Exercise objective: Transcribe the records below exactly as written, from the opening line through the line that contains "Кастрация (овариогистерэктомия) здоровой".

Records from a data source:
· · · · · · ·
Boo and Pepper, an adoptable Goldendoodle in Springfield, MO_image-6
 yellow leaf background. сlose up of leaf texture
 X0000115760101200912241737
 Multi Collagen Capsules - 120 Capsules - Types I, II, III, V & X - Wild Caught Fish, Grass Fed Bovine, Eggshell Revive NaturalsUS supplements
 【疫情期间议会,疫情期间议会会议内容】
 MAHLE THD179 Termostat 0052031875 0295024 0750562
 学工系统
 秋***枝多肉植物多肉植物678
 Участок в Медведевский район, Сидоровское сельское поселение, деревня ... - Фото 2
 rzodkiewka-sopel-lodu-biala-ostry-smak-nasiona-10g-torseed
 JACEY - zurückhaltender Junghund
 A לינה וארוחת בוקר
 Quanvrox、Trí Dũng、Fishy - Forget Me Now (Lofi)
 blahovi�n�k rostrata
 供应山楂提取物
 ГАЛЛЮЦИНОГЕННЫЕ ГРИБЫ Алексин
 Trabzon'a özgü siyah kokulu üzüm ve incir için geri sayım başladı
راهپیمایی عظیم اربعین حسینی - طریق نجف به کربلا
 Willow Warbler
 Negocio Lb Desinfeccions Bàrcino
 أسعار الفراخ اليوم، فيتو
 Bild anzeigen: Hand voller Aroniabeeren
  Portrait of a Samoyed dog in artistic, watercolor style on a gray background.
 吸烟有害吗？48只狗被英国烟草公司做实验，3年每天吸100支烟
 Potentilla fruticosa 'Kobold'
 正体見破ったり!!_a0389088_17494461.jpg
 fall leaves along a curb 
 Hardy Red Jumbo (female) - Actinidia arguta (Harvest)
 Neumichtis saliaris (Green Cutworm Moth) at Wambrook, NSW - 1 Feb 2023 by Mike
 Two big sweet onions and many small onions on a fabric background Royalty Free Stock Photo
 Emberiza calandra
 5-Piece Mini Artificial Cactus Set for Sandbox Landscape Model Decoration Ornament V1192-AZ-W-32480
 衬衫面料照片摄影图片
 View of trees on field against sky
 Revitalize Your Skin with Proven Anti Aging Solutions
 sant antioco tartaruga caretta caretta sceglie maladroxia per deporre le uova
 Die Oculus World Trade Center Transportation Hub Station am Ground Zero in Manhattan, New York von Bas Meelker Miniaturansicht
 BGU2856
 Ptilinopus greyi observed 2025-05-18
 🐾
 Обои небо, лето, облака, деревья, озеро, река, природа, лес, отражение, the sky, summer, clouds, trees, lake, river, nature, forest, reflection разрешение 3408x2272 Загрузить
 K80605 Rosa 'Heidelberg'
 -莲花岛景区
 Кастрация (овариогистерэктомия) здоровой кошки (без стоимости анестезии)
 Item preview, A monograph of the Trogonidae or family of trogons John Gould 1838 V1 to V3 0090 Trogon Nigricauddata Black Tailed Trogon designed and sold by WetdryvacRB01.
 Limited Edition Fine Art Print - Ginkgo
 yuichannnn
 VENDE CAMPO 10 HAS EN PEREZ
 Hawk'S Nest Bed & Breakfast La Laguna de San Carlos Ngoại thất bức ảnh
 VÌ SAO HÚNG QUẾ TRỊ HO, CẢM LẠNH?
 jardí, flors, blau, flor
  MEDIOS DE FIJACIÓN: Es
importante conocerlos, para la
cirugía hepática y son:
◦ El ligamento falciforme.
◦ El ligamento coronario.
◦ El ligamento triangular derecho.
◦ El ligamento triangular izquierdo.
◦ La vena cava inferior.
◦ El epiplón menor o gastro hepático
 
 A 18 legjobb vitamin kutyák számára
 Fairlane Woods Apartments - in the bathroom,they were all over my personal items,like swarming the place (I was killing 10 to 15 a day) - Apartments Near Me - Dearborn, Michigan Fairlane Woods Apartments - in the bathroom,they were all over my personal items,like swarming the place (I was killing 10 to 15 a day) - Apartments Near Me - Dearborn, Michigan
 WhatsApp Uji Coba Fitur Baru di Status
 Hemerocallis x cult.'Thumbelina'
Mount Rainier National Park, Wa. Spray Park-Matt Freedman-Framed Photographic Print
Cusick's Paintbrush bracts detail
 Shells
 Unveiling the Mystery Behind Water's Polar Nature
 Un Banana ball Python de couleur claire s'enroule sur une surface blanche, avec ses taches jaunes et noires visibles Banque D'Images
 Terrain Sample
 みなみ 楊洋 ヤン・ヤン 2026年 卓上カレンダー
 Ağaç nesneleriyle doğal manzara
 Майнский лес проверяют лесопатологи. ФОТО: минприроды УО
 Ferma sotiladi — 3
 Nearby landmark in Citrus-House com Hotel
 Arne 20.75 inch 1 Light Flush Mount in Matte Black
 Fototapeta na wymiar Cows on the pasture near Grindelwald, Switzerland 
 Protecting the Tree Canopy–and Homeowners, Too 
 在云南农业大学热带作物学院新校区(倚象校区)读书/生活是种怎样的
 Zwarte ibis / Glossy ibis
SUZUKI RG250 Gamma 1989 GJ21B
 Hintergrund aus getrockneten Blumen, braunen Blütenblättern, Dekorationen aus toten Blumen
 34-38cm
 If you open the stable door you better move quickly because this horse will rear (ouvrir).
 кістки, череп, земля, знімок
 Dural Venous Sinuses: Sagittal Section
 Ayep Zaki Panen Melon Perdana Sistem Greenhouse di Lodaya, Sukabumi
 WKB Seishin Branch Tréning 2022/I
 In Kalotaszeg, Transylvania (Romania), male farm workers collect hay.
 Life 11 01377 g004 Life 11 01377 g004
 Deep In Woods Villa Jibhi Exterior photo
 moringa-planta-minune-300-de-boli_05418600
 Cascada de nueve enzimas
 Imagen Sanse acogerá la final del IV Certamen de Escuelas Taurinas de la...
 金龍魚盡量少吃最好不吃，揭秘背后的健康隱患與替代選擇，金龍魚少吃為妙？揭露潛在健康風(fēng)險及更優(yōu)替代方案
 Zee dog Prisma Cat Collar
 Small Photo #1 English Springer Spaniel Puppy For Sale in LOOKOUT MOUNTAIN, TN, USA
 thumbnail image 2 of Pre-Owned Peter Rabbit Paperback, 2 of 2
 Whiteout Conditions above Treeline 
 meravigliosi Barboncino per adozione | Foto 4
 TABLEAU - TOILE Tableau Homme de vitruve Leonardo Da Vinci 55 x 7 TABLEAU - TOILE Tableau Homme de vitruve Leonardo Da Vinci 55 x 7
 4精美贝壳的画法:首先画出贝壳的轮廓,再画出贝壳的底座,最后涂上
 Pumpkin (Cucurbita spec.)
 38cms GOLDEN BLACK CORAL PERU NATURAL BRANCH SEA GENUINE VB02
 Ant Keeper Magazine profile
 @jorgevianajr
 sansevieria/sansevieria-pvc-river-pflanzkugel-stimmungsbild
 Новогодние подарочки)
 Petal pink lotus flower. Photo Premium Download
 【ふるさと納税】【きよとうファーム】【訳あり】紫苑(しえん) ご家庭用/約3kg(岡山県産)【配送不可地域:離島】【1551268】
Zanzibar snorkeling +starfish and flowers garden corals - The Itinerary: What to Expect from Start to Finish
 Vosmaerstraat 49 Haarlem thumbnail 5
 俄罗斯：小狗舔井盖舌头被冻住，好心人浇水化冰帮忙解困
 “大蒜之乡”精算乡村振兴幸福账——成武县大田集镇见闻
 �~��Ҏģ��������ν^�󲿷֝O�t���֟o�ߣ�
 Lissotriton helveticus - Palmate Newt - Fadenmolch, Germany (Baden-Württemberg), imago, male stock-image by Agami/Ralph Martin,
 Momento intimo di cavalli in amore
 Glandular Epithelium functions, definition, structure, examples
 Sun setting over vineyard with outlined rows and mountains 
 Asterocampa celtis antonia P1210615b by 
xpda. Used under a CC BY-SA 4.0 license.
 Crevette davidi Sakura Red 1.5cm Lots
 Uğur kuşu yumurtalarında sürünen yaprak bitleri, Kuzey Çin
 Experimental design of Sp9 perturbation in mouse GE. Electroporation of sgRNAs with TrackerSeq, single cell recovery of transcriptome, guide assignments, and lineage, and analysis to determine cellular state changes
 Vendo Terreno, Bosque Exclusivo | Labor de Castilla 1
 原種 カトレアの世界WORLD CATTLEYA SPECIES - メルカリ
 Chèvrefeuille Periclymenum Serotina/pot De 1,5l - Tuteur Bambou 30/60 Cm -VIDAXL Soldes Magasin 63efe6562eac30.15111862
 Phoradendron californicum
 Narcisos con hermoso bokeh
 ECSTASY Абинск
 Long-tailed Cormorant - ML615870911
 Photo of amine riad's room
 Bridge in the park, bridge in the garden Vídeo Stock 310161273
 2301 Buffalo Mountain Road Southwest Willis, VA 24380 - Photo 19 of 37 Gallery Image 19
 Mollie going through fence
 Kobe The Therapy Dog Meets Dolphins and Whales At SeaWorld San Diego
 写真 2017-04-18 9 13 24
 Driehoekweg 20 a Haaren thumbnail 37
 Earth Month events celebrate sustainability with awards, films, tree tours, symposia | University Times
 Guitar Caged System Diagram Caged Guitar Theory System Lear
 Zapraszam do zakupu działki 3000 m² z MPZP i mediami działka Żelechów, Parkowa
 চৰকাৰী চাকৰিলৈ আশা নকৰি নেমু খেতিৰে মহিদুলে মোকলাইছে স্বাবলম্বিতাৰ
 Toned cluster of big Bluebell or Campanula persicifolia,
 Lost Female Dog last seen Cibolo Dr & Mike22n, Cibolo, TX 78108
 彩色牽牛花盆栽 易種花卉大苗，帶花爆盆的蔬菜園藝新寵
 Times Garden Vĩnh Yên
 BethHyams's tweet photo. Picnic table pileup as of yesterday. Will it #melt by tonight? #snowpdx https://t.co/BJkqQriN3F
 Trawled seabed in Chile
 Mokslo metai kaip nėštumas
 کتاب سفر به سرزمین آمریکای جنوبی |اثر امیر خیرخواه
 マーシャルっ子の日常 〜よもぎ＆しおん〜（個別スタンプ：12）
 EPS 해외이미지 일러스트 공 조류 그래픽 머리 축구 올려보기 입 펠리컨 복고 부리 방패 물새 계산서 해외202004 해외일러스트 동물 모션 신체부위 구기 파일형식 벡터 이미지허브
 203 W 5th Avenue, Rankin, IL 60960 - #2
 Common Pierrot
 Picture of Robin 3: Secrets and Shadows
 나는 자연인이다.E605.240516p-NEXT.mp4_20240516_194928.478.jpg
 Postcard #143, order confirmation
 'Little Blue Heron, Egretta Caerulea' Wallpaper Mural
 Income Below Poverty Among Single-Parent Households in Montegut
· · · · · · ·
Solution:
Boo and Pepper, an adoptable Goldendoodle in Springfield, MO_image-6
 yellow leaf background. сlose up of leaf texture
 X0000115760101200912241737
 Multi Collagen Capsules - 120 Capsules - Types I, II, III, V & X - Wild Caught Fish, Grass Fed Bovine, Eggshell Revive NaturalsUS supplements
 【疫情期间议会,疫情期间议会会议内容】
 MAHLE THD179 Termostat 0052031875 0295024 0750562
 学工系统
 秋***枝多肉植物多肉植物678
 Участок в Медведевский район, Сидоровское сельское поселение, деревня ... - Фото 2
 rzodkiewka-sopel-lodu-biala-ostry-smak-nasiona-10g-torseed
 JACEY - zurückhaltender Junghund
 A לינה וארוחת בוקר
 Quanvrox、Trí Dũng、Fishy - Forget Me Now (Lofi)
 blahovi�n�k rostrata
 供应山楂提取物
 ГАЛЛЮЦИНОГЕННЫЕ ГРИБЫ Алексин
 Trabzon'a özgü siyah kokulu üzüm ve incir için geri sayım başladı
راهپیمایی عظیم اربعین حسینی - طریق نجف به کربلا
 Willow Warbler
 Negocio Lb Desinfeccions Bàrcino
 أسعار الفراخ اليوم، فيتو
 Bild anzeigen: Hand voller Aroniabeeren
  Portrait of a Samoyed dog in artistic, watercolor style on a gray background.
 吸烟有害吗？48只狗被英国烟草公司做实验，3年每天吸100支烟
 Potentilla fruticosa 'Kobold'
 正体見破ったり!!_a0389088_17494461.jpg
 fall leaves along a curb 
 Hardy Red Jumbo (female) - Actinidia arguta (Harvest)
 Neumichtis saliaris (Green Cutworm Moth) at Wambrook, NSW - 1 Feb 2023 by Mike
 Two big sweet onions and many small onions on a fabric background Royalty Free Stock Photo
 Emberiza calandra
 5-Piece Mini Artificial Cactus Set for Sandbox Landscape Model Decoration Ornament V1192-AZ-W-32480
 衬衫面料照片摄影图片
 View of trees on field against sky
 Revitalize Your Skin with Proven Anti Aging Solutions
 sant antioco tartaruga caretta caretta sceglie maladroxia per deporre le uova
 Die Oculus World Trade Center Transportation Hub Station am Ground Zero in Manhattan, New York von Bas Meelker Miniaturansicht
 BGU2856
 Ptilinopus greyi observed 2025-05-18
 🐾
 Обои небо, лето, облака, деревья, озеро, река, природа, лес, отражение, the sky, summer, clouds, trees, lake, river, nature, forest, reflection разрешение 3408x2272 Загрузить
 K80605 Rosa 'Heidelberg'
 -莲花岛景区
 Кастрация (овариогистерэктомия) здоровой кошки (без стоимости анестезии)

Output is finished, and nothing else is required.